» Exercise brief:
Nothing is needed except the lines below that run from the one with "Dr. Cyrus Poonawalla" through the one with "2020 HONDA Odyssey", repeated exactly.

» Short descriptive text snippets:
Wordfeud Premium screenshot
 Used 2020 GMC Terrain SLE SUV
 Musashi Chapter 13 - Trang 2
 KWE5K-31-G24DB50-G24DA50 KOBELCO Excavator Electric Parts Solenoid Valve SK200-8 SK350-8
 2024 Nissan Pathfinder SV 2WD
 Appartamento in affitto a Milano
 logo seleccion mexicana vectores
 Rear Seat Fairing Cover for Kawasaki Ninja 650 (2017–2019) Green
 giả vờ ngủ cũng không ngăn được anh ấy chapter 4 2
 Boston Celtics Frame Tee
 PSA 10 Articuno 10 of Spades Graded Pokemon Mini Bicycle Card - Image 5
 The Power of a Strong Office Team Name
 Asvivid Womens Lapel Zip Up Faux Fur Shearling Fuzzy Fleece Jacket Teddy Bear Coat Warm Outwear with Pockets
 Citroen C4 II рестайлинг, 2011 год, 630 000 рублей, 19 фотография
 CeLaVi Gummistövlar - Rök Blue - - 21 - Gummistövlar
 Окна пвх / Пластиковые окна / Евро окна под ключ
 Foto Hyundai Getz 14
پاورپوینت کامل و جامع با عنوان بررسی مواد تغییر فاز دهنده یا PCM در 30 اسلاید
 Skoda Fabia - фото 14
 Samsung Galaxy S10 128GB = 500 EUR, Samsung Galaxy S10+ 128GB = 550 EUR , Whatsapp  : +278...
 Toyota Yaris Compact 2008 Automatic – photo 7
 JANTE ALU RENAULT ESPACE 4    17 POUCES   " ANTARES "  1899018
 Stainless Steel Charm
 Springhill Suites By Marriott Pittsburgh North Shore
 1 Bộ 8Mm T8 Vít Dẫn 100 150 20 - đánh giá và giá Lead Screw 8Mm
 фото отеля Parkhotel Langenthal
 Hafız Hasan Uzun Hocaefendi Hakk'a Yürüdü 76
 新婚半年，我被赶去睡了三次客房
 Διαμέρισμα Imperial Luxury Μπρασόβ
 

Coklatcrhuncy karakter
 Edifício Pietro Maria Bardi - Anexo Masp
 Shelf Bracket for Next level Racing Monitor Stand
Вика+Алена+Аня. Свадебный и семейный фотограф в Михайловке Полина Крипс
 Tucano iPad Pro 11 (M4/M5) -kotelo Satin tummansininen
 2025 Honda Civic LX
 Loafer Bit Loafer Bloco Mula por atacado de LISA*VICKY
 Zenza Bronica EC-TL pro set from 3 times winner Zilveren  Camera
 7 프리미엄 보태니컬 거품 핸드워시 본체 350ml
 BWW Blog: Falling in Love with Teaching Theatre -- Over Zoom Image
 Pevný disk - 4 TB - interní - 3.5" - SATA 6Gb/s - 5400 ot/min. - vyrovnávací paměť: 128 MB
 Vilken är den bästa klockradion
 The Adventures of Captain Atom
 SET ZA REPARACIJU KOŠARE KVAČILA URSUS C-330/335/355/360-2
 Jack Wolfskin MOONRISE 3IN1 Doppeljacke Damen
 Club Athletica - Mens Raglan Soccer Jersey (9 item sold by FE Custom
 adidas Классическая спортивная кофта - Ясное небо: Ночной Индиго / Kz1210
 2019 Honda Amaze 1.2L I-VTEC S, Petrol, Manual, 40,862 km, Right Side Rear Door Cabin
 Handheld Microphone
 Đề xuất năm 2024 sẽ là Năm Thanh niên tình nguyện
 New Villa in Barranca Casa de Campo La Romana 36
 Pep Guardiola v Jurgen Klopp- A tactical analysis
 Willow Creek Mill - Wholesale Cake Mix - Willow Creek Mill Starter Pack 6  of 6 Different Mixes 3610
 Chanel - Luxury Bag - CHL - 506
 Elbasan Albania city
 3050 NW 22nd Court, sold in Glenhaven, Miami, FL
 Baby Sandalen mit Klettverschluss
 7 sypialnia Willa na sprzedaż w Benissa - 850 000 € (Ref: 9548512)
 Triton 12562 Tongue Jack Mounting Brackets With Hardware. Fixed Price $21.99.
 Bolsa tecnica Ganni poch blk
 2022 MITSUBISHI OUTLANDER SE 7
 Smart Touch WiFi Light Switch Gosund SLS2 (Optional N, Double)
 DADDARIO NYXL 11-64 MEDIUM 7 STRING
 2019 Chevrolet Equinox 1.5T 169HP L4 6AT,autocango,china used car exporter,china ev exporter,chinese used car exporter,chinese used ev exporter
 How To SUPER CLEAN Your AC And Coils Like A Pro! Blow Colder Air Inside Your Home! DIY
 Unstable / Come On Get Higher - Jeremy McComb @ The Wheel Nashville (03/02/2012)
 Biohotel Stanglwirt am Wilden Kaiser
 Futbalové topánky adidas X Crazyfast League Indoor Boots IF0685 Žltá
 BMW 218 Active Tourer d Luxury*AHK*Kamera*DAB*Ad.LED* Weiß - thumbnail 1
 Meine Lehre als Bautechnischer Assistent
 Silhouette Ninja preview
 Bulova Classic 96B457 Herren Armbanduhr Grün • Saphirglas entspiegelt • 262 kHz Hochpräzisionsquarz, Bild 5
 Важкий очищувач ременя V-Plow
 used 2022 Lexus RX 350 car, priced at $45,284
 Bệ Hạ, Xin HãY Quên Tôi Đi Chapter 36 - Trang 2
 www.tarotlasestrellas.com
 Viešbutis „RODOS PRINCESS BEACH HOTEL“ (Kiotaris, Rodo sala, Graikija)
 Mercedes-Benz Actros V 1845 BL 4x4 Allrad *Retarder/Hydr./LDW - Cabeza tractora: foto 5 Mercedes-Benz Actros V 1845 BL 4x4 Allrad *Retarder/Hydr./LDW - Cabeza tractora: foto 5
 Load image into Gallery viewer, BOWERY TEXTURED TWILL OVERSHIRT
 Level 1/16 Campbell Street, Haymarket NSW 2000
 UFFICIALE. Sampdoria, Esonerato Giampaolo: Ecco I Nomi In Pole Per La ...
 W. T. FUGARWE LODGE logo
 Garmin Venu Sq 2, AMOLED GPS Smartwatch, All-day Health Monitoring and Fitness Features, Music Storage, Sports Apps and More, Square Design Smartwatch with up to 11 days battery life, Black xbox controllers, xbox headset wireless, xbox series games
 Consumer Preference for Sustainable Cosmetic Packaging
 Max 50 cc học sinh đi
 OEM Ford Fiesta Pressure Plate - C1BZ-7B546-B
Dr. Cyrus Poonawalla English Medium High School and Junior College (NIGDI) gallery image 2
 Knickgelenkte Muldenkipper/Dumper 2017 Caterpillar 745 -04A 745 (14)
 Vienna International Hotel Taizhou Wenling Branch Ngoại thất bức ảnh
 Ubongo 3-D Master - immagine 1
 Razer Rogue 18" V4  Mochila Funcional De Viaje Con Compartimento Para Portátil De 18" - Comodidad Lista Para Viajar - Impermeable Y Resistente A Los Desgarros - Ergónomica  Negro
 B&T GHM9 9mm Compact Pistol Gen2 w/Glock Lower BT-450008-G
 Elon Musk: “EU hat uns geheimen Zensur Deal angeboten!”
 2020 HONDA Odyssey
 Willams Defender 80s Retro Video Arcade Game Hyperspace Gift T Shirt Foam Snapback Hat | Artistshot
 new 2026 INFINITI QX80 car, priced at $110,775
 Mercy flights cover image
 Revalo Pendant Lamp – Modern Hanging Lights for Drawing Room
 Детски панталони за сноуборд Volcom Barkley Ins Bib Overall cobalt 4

» Solution to this exercise:
Dr. Cyrus Poonawalla English Medium High School and Junior College (NIGDI) gallery image 2
 Knickgelenkte Muldenkipper/Dumper 2017 Caterpillar 745 -04A 745 (14)
 Vienna International Hotel Taizhou Wenling Branch Ngoại thất bức ảnh
 Ubongo 3-D Master - immagine 1
 Razer Rogue 18" V4  Mochila Funcional De Viaje Con Compartimento Para Portátil De 18" - Comodidad Lista Para Viajar - Impermeable Y Resistente A Los Desgarros - Ergónomica  Negro
 B&T GHM9 9mm Compact Pistol Gen2 w/Glock Lower BT-450008-G
 Elon Musk: “EU hat uns geheimen Zensur Deal angeboten!”
 2020 HONDA Odyssey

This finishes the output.